Here are the details.
'tp00' | ψ_{j}(x) = φ(|x – c_{j}|^{2}), c_{j} =centers(:,j), j=1:n-3 with φ(t) = tlog(t) ψ_{n–2}(x) = x(1) ψ_{n–1}(x) = x(2) ψ_{n}(x) = 1 |
'tp10' | ψ_{j}(x) = φ(|x – c_{j}|^{2}), c_{j} =centers(:,j), j=1:n-1 with φ(t) = (D_{1}t)(logt + 1), and D_{1}t the partial derivative of t = t(x) = |x – c_{j}|^{2} wrto x(1) ψ_{n}(x) = 1 |
'tp01' | ψ_{j}(x) = φ(|x – c_{j}|^{2}), c_{j} =centers(:,j), j=1:n-1 with φ(t) = (D_{2}t)(logt + 1), and D_{2}t the partial derivative of t = t(x) = |x – c_{j}|^{2} wrto x(2) ψ_{n}(x) = 1 |
'tp' (default) | ψ_{j}(x) = φ(|x – c_{j}|^{2}), c_{j} =centers(:,j), j=1:n with φ(t) = tlog(t) |
st = stmak(centers,coefs,type,interv) also specifies the basic interval for the stform, with interv{j} specifying, in the form [a,b], the range of the jth variable. The default for interv is the smallest such box that contains all the given centers.
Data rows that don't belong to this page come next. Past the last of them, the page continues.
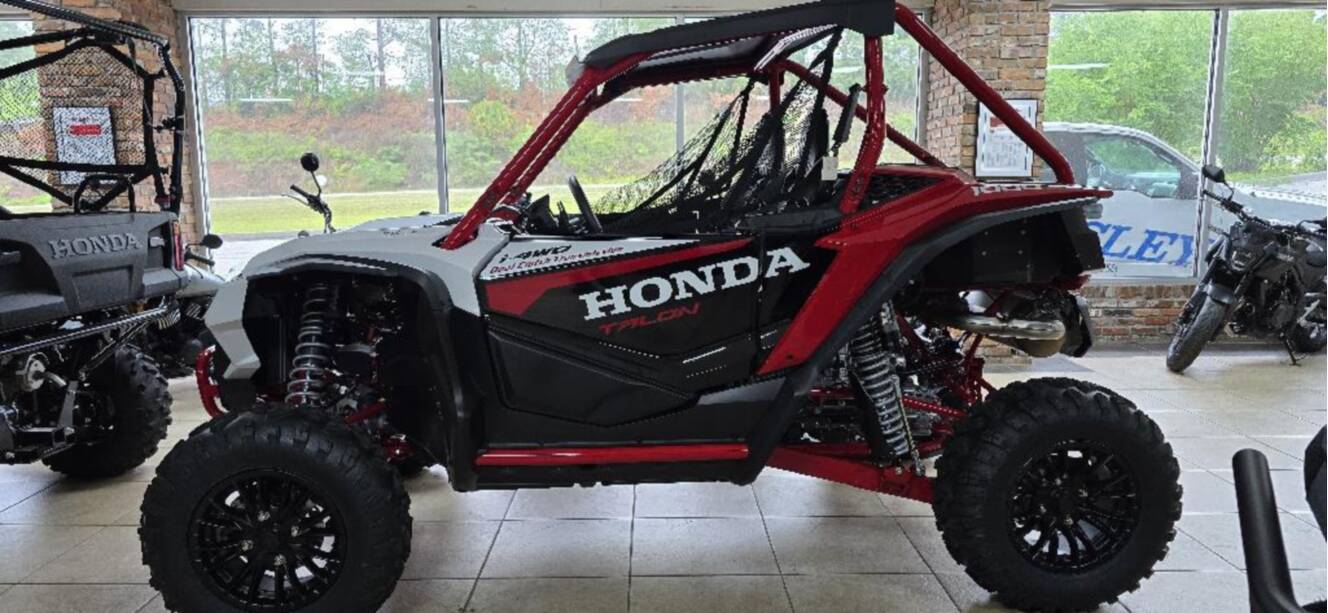 A photo of this 2025 Honda SXS10S2RDS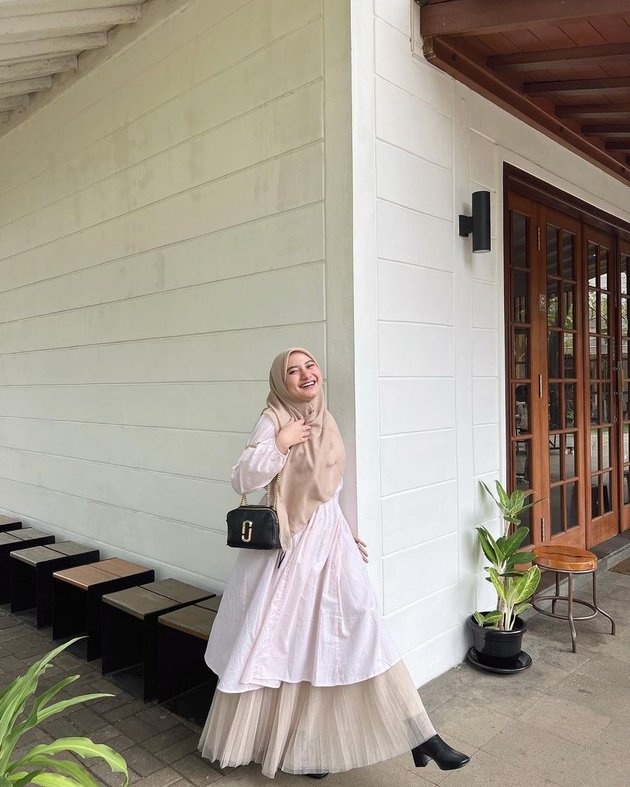 Radiating Beauty Aura, 8 Latest Photos of Nadzira Shafa, the Late Ameer Azzikra's Strong and Multitalented Wife - A Resilient Multitalented Woman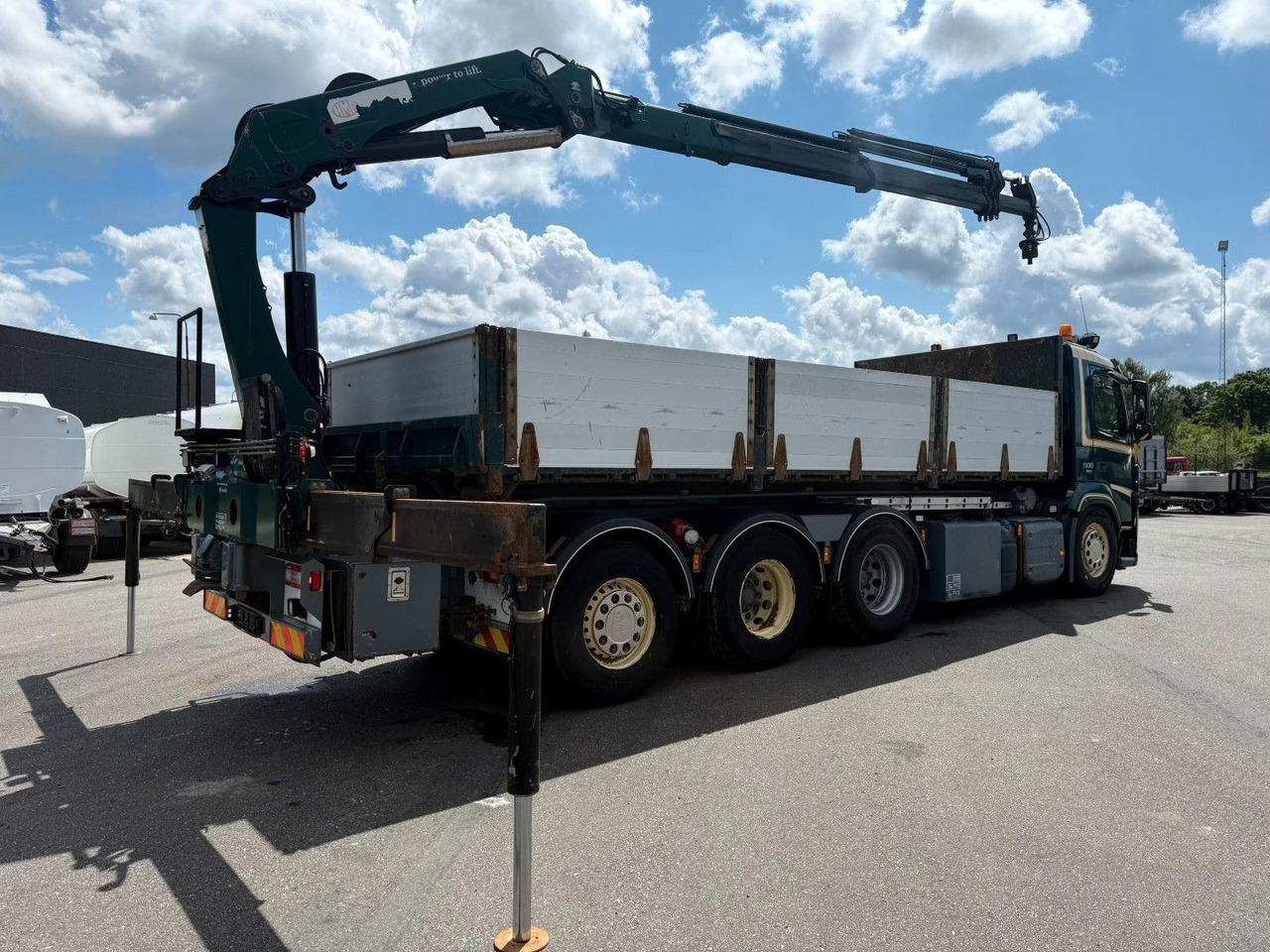 Volvo FM500 8x4*4 Tipper / Crane HMF2620-K5 - Kallurauto, Kraanaga veoauto: pilt 4 Volvo FM500 8x4*4 Tipper / Crane HMF2620-K5 - Kallurauto, Kraanaga veoauto: pilt 4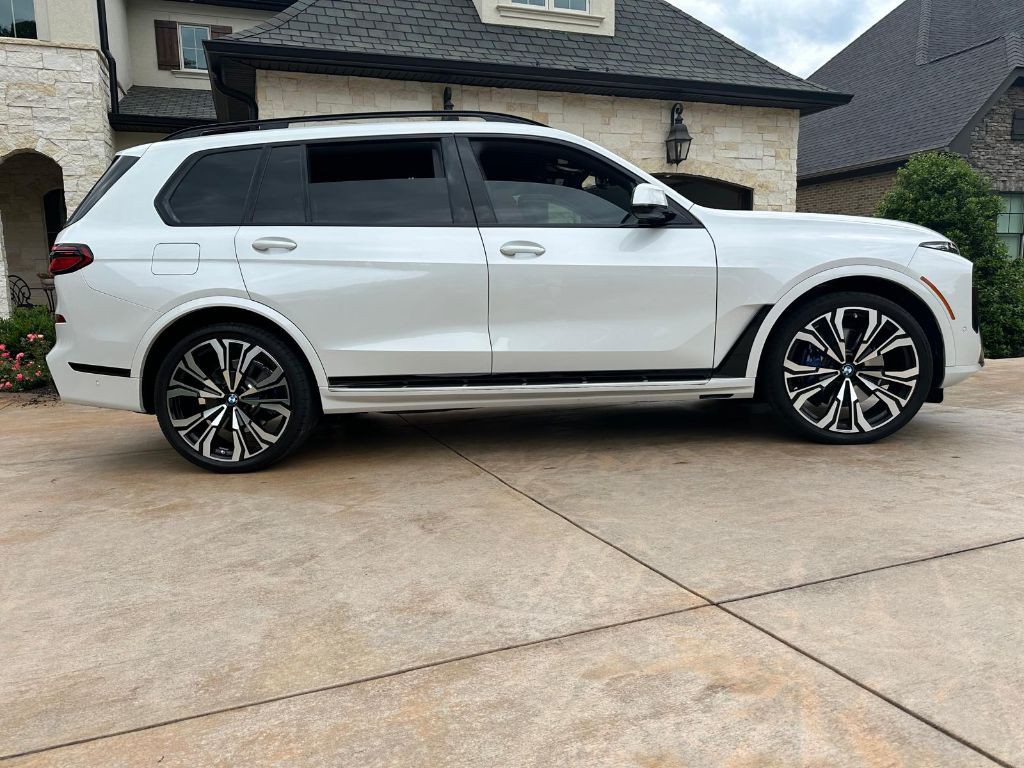 2024 BMW X7 Image 26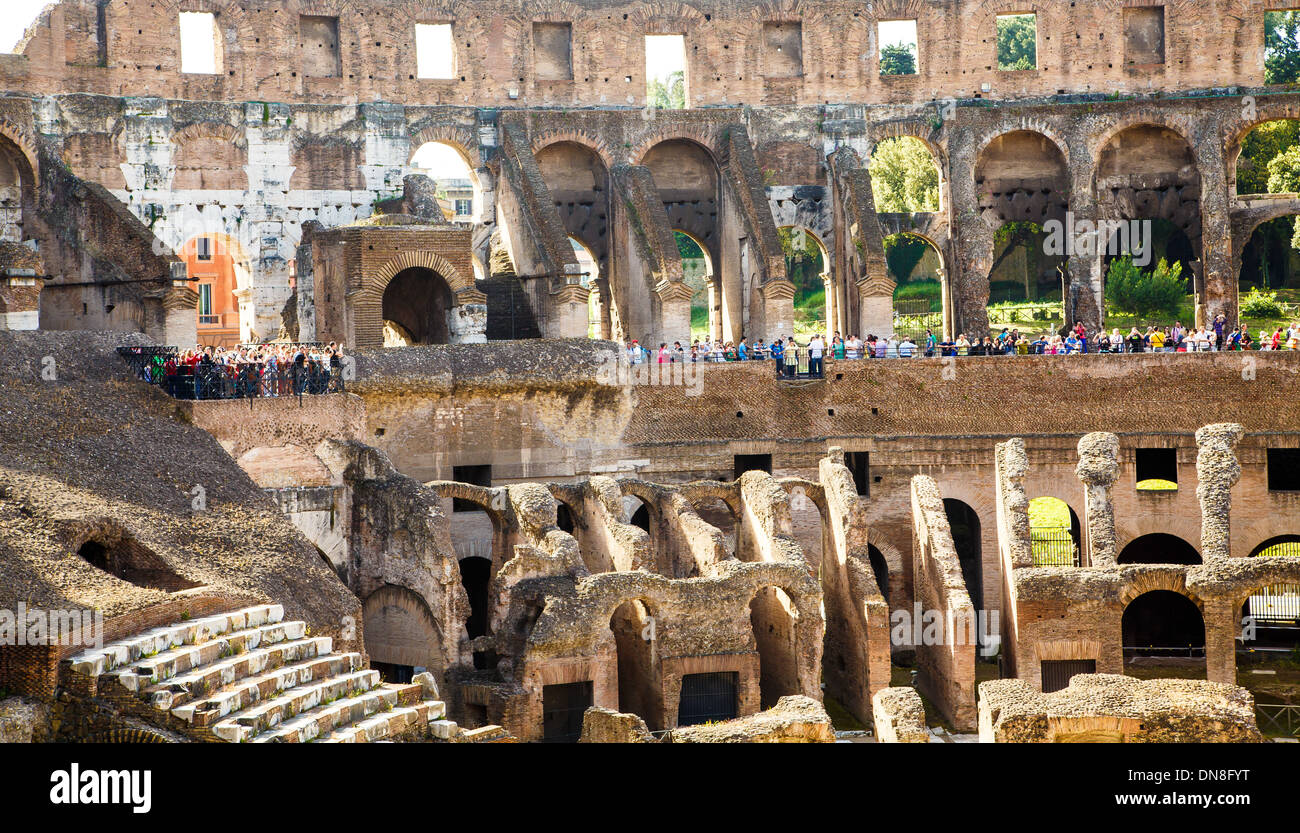 Alte, gebrochene Wände im Inneren des antiken Kolosseum in Rom, Italien Stockfoto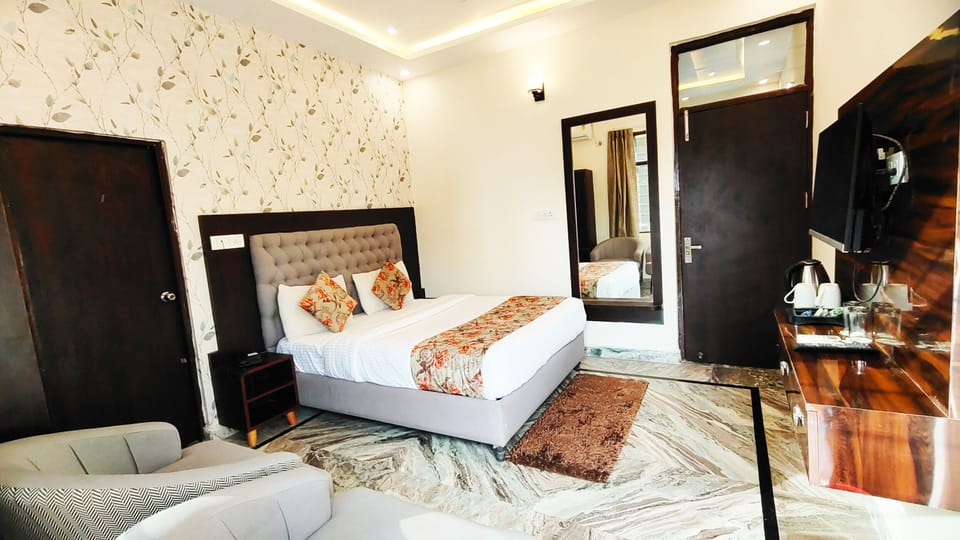 Executive Double Room | Desk, laptop workspace, free WiFi, bed sheets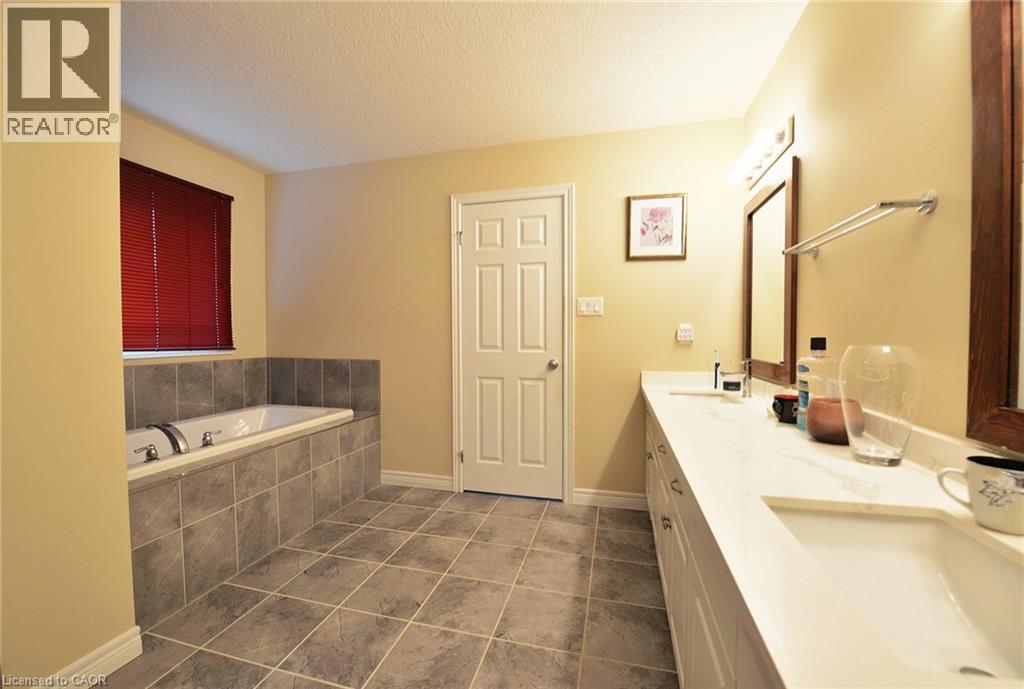 130 Coopershawk Street, Kitchener, Ontario  N2K 4J3 - Photo 21 - 40775674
Example 1. The following generates the figure below, of the thin-plate spline basis function, $$\psi (x)={\left|x\right|}^{2}\mathrm{log}{\left|x\right|}^{2},$$ but suitably restricted to show that this function is negative near the origin. For this, the extra lines are there to indicate the zero level.
inx = [-1.5 1.5]; iny = [0 1.2]; fnplt(stmak([0;0],1),{inx,iny}) hold on, plot(inx,repmat(linspace(iny(1),iny(2),11),2,1),'r') view([25,20]),axis off, hold off
Example 2. We now also generate and plot, on the very same domain, the first partial derivative D_{2}ψ of the thin-plate spline basis function, with respect to its second argument.
inx = [-1.5 1.5]; iny = [0 1.2]; fnplt(stmak([0;0],[1 0],'tp01',{inx,iny})) view([13,10]),shading flat,axis off
Note that, this time, we have explicitly set the basic interval for the stform.
The resulting figure, below, shows a very strong variation near the origin. This reflects the fact that the second derivatives of ψ have a logarithmic singularity there.